In building a logical data model, some entities are considered strong, other entities are considered weak. Strong entities are the most foundational elements within a nascent Entity-Relationship Diagram (ERD) and comprise the list of objects that would likely come to mind first. Strong entities are independent in that they exist all on their own and can be created without having to meet any pre-conditions. Being independent, these entities often have obvious single-attribute primary keys such as Customer Number, Employee Id, Product SKU, or License Number. Weak entities are dependent on external things. A classic example is an Order Line. An Order Line is dependent on the Order existing first. This is often represented in a logical data model by the primary key of the Order Line being a composite key; the Order Number from the Order entity, and a simple sequential number within that Order Number, as in lines 1, 2, 3…. This pattern is often repeated with weak entities—part of the key is the primary key of the related strong entity, and the second piece is either a sequential number, a date, or a datetime. The composite key explicitly points to the related strong object that the weak entity depends upon, so that anyone viewing the ERD can see these obvious relationships.

An associative entity or association arises for many-to-many relationships. Associations are special kinds of weak entities. They are special in that, as opposed to a dependency on a single entity, they represent complex interrelationships between two, or more, entities. Similarly, the natural key of an associative entity is a composite of the primary key of the other entities that are members of the association.
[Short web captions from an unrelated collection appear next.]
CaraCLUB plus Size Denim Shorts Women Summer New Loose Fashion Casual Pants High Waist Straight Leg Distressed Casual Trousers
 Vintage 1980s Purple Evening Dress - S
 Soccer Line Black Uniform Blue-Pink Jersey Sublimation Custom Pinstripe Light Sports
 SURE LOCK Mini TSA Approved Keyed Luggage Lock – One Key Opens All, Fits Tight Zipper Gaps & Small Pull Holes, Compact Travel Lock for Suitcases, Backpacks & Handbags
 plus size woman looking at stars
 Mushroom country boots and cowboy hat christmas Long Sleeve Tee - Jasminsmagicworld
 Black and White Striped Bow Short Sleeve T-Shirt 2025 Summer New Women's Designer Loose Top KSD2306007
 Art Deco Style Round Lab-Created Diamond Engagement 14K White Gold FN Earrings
Under circumstances where simply using the strong entity's primary keys are not enough—meaning there are times where more than one row or instance will exist—then the primary key must be expanded. Like the simple weak entity case, a sequence number, or datetime may be fine. Other times when there are multiple associations between two objects, each pairing might be said to account for a different and specific role, then a role object may be added into the data model and into the association to add clarity in choosing a single instance for usage.

With the rise of object-oriented approaches, it has become quite fashionable to have every entity within an application use a single-column generated-surrogate key as its primary key. Superficially, this makes every entity a strong entity, and can be created independently. The weakness of dependencies still exists—nothing has really changed the semantics of the business itself. BUT those dependencies are no longer explicit within the data model. (Of course, it is possible that some organization has a logical model as originally described, and then a physical data model that has all the generated surrogate keys, but such a division is not easily accomplished via data modeling tools and therefore no one usually goes to such lengths.) Ultimately, these business keys become obscured. Foreign keys may exist. Maybe they are defined as mandatory. One can assume the existence of foreign keys represents a dependency, but largely even these are defined as optional. The application may always populate values so they are virtually mandatory, but you would have to search the application logic to arrive at such a determination.

Natural keys can have a downside too.  Many early data warehouses had normalized structures with start dates added onto each primary key. Trickling down composite PKs onto weak entities physically means that even small changes generate large changes across many impacted tables and rows. One needs to choose one’s poison, do you lose ERD semantics or complicate the build logic? Data architects must consider where they find balance.